Their only son out of five children was Rev Walter Ross Taylor (1838–1907) who was father in turn to Walter Ross-Taylor MP.

His son Walter was Moderator in 1900 and oversaw the critical Union with the United Presbyterian Church of Scotland.

He married:
- (1) 9 May 1833, Isobel (died March 1884), second daughter of William Murray of Pitcalzean, Ross, and sister of William Murray of Geanies, and had issue —
  - Christina Barbara Ross, born 28 July 1834 (married 1857, Alexander Auld, minister of Free Church, Olrig)
  - Flora Ross, born 14 May 1836 (married F. R. Johnstone)
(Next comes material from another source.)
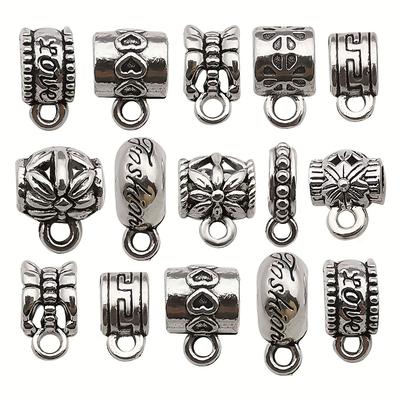 100Pcs Clasp Bail Beads Charms Bail Tube Beads, Loose Spacer Bead Hanger Charm For Jewelry Making DIY Necklace Bracele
  - Walter Ross, D.D., minister of Kelvinside United Free Church, Glasgow, Moderator of the Free Church General Assembly in 1900, born 11 April 1838, died 6 December 1907
  - Esther Murray, born 13 June 1841 (married Alexander Middleton, Rose Farm, Invergordon)
  - Jemima Alexa, born 11 March 1843 (married Provost William Mackay, Thurso)
- (2) 23 March 1887, (aged 82), Isabella (born 25 October 1843, died 6 April 1928), daughter of William Macdonald, Pennyland, Thurso.